I'm struggling with some statistical concepts for a survey I'm implementing. I'm planning on using SAS for this.

Here is the problem:

I have to check a large company geo database in the field . That is, the company have many kinds of equipments (about 20 kinds and millions of each) spreaded all over the state and I have to check and see how representative that database really is. (check if the equipment exists and if it is of the same kind they claim to be)

That state is really big, the size of a medium european country - and it also has some transportation issues, so first, I've created stratas for each equipment type and then I'll do a single-stage cluster sampling (of unequal sizes) of the cities in the state.

I've decided to use proportional to sizes sampling in each cluster. (A city with many equipments gets more samples)

Then I was thinking in using dummy variables for the things I'll see in the field (i.e. 0 or 1 if the equipment exists; 1 or 0 if it's location is correct; 1 or 0 if it's the same kind; 1 or 0 if it's the same power spec etc).

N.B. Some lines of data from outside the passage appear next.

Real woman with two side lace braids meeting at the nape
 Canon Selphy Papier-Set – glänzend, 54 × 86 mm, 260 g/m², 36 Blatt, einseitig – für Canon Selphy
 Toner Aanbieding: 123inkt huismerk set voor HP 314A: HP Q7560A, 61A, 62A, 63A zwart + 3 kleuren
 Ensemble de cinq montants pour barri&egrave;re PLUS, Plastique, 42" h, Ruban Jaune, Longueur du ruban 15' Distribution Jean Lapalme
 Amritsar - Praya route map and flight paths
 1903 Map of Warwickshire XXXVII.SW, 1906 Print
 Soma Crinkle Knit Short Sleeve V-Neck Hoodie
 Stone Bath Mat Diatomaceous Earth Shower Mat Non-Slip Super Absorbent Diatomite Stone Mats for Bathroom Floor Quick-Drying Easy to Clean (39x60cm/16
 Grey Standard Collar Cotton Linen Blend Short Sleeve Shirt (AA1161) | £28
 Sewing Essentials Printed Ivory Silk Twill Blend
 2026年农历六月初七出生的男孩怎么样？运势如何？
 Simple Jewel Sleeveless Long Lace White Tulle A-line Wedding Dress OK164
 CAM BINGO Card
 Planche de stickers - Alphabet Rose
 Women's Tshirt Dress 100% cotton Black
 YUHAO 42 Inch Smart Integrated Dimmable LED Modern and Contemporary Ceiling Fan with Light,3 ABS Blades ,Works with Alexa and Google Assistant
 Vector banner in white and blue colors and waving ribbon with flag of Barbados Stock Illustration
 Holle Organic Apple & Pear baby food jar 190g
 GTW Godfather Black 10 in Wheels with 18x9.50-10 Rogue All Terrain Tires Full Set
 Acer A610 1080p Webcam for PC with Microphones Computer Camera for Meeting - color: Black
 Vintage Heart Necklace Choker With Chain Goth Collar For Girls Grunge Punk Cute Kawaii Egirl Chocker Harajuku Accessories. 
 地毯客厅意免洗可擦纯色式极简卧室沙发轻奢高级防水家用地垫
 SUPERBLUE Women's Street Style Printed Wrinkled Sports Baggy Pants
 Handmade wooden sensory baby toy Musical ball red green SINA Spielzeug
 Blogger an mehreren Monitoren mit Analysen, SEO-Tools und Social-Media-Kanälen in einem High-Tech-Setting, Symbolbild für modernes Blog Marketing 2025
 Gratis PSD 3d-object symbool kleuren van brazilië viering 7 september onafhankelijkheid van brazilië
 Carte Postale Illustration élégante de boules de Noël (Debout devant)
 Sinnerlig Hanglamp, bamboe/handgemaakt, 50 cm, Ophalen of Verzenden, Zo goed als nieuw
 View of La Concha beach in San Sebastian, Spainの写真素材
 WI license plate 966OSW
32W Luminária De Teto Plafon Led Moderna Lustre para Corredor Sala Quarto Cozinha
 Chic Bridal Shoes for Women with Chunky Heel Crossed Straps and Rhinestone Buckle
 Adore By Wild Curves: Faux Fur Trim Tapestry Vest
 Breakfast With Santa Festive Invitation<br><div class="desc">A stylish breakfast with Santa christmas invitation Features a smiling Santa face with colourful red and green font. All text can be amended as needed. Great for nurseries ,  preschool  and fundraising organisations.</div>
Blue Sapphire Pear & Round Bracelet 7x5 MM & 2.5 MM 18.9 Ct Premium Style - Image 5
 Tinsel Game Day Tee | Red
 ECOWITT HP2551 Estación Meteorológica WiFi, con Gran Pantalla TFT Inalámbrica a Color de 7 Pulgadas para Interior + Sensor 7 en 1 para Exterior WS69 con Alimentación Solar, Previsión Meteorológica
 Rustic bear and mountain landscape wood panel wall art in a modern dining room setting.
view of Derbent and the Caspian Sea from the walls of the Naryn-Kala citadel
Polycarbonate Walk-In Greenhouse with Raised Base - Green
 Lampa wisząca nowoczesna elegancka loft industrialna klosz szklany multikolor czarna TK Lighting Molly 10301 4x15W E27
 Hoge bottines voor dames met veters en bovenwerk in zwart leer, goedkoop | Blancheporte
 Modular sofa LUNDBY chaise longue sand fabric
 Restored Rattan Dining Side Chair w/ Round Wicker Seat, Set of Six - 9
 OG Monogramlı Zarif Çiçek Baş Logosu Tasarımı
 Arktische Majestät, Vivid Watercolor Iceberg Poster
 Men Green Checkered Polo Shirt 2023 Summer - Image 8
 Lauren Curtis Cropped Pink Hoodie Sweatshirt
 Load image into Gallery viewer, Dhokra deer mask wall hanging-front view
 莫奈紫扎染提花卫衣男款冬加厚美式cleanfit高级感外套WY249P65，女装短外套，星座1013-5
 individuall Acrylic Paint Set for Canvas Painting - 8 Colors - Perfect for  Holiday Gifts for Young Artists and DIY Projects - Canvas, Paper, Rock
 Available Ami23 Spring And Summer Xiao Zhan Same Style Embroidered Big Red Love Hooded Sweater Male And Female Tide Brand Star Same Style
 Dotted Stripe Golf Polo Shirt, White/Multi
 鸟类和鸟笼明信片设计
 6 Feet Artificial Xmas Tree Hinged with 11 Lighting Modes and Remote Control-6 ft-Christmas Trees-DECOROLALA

My question for you guys is:

- Is this a good method?

- Is this method resulting in a probability sampling?

- How do I calculate the error and variance of my sample after (can I do it before?) I check it? Do I use like linear regression?

- How big should my sample be? 95% confidence and 5% error. How do I calculate it since I'm using two types of sampling methods?

I'm an electrical engineer with scarce statistical knowledge.

Thank you very much for your time and attention.